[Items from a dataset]
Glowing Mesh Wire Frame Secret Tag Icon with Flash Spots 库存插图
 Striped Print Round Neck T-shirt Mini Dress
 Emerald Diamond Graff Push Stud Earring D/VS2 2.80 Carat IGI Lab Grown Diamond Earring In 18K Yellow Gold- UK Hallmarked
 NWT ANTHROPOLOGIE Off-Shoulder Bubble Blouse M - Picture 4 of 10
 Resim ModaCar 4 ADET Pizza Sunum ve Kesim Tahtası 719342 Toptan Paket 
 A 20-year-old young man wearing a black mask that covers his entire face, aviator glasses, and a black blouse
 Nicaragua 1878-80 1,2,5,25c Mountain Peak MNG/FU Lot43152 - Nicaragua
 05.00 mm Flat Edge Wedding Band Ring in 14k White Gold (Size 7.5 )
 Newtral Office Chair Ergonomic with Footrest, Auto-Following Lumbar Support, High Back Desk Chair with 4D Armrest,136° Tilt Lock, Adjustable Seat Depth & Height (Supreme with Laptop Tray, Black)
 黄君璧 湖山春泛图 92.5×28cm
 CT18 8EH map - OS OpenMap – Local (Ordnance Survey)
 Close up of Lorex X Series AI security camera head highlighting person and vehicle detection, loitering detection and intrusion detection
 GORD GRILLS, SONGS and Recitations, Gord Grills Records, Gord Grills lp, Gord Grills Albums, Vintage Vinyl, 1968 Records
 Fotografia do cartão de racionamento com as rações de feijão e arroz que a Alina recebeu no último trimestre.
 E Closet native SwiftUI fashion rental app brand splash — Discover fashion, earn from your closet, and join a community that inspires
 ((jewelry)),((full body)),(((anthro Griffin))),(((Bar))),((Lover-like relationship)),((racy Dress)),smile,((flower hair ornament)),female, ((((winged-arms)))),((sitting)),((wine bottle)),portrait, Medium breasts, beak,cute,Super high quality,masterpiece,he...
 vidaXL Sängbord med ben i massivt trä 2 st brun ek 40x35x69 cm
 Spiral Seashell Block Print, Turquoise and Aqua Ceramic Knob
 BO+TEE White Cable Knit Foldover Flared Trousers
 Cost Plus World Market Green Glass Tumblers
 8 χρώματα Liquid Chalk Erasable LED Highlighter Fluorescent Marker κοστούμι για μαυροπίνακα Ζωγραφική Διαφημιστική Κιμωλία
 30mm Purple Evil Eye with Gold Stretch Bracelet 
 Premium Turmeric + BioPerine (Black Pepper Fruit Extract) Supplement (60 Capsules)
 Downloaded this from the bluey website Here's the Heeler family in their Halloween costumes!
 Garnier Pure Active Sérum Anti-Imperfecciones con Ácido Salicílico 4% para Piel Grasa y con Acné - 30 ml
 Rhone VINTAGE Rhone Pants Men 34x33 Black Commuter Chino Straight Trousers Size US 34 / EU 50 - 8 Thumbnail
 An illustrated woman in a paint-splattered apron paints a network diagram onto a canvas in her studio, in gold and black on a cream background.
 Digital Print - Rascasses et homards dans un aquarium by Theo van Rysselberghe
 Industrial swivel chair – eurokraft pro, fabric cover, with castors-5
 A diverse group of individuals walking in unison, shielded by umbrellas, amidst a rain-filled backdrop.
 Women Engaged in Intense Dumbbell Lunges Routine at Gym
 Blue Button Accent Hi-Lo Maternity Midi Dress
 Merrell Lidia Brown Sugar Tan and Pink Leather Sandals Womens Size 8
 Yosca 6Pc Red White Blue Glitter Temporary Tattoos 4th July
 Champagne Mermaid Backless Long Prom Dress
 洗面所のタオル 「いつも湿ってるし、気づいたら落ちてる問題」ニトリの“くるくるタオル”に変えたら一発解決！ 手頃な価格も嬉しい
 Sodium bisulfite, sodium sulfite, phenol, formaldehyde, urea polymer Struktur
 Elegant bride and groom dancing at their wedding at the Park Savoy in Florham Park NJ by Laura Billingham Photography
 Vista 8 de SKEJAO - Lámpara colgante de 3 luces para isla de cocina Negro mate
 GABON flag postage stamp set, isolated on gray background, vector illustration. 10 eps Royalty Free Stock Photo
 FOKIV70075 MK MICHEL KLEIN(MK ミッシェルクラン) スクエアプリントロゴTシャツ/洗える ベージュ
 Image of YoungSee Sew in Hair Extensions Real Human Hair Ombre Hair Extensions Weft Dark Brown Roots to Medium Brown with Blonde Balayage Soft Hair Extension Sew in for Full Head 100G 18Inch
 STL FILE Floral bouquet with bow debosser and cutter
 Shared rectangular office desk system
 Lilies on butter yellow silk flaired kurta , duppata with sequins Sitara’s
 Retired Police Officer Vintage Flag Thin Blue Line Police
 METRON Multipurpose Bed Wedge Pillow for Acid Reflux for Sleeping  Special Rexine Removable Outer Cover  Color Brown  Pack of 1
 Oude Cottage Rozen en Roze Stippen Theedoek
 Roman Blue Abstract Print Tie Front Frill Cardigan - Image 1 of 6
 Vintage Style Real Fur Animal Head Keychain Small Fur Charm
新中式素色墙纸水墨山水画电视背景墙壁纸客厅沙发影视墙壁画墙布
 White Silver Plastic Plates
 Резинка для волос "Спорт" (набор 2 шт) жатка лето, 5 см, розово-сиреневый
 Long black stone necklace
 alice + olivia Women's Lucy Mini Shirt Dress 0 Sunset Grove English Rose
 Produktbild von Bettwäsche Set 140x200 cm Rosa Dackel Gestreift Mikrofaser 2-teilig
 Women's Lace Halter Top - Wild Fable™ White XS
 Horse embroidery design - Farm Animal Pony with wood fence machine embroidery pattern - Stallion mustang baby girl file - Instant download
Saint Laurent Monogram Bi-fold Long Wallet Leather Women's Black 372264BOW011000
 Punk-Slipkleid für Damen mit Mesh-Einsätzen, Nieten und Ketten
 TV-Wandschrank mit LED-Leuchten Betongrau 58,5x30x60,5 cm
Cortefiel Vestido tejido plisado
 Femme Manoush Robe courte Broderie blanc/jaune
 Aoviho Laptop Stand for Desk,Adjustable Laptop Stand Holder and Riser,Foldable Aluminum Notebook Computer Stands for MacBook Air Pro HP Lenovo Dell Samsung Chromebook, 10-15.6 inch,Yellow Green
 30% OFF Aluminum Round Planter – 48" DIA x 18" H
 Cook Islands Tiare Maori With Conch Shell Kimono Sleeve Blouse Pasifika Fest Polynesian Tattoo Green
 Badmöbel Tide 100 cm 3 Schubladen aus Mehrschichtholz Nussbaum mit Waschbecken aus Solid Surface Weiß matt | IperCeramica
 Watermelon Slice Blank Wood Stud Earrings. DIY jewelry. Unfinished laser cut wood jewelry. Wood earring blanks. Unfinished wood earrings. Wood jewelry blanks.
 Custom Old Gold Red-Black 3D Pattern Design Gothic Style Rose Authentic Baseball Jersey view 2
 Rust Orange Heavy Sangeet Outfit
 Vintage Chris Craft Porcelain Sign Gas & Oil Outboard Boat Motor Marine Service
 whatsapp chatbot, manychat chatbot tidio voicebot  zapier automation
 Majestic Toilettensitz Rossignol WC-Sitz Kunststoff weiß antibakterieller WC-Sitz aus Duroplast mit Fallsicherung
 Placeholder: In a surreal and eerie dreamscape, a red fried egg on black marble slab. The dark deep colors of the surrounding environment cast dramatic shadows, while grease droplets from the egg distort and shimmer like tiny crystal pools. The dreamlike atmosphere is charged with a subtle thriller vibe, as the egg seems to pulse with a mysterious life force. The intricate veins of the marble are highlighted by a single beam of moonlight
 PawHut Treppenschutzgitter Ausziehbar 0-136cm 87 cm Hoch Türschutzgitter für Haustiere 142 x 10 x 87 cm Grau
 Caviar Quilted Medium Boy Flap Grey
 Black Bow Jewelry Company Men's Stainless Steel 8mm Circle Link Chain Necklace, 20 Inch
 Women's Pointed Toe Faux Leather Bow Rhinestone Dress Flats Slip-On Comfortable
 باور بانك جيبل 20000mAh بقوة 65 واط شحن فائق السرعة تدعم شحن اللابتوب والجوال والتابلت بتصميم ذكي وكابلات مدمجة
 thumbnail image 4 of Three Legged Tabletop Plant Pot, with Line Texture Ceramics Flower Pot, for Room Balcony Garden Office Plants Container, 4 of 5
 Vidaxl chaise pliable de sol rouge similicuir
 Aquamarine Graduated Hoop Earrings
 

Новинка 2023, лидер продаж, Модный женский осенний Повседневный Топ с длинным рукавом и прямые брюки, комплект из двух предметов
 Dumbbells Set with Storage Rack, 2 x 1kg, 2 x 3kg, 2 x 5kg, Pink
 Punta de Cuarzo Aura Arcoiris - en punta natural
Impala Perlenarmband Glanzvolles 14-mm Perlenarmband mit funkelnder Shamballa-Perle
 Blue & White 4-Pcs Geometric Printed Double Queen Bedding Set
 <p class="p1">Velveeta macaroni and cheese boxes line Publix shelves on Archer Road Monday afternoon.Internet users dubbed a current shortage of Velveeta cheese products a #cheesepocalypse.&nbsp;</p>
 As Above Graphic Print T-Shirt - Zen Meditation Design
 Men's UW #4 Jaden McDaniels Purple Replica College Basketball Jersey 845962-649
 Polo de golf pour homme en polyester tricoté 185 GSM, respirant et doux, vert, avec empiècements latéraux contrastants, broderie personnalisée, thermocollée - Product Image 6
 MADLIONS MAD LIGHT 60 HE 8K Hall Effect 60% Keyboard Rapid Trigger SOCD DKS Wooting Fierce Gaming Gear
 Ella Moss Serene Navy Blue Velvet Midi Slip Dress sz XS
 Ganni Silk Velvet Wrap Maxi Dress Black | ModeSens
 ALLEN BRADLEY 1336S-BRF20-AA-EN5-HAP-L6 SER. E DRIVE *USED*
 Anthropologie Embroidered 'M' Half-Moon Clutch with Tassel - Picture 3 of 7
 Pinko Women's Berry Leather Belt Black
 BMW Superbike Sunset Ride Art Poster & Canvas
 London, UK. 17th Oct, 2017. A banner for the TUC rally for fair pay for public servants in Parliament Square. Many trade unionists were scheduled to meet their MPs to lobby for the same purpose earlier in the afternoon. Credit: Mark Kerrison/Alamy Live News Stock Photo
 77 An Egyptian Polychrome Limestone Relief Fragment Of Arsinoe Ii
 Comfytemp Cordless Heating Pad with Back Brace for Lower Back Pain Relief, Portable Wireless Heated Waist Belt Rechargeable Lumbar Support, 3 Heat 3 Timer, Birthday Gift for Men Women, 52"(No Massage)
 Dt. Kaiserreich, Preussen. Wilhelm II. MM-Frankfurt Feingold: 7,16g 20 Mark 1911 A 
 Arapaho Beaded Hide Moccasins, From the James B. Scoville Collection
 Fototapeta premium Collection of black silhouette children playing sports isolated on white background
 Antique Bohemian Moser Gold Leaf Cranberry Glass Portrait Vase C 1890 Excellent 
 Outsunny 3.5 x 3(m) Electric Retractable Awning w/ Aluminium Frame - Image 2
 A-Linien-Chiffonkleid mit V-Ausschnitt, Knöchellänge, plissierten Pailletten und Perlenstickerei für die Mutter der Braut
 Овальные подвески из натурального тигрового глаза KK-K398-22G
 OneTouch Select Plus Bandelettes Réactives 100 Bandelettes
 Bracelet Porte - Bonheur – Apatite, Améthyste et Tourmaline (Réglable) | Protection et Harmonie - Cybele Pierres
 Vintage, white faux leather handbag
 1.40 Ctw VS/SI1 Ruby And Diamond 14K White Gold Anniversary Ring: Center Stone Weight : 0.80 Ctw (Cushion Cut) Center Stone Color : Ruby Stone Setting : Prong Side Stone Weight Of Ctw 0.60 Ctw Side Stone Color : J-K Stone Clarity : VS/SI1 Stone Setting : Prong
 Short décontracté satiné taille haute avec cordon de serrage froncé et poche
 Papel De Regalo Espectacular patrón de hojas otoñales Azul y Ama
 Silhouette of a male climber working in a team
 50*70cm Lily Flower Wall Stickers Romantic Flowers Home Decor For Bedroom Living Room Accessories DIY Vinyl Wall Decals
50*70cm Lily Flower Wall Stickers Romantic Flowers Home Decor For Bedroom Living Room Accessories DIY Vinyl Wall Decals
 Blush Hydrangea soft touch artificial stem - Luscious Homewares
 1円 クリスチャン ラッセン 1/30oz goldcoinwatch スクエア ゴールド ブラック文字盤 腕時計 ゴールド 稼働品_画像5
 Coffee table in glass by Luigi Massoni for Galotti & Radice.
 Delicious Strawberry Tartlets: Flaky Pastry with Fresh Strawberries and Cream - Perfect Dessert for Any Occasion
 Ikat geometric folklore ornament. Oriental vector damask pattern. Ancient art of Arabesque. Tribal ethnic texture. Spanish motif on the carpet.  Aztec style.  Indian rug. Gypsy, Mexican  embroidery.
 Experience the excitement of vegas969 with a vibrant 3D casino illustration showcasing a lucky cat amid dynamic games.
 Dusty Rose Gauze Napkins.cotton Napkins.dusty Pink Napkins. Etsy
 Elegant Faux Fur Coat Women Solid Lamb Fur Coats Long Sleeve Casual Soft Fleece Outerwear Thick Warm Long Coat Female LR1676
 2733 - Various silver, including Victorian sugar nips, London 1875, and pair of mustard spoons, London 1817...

Required work ▸ Can you repeat, word for word, every line above from the one containing "Silhouette of a" down to the one containing "Coffee table in", including both?

Output for this exercise ▸
 Silhouette of a male climber working in a team
 50*70cm Lily Flower Wall Stickers Romantic Flowers Home Decor For Bedroom Living Room Accessories DIY Vinyl Wall Decals
50*70cm Lily Flower Wall Stickers Romantic Flowers Home Decor For Bedroom Living Room Accessories DIY Vinyl Wall Decals
 Blush Hydrangea soft touch artificial stem - Luscious Homewares
 1円 クリスチャン ラッセン 1/30oz goldcoinwatch スクエア ゴールド ブラック文字盤 腕時計 ゴールド 稼働品_画像5
 Coffee table in glass by Luigi Massoni for Galotti & Radice.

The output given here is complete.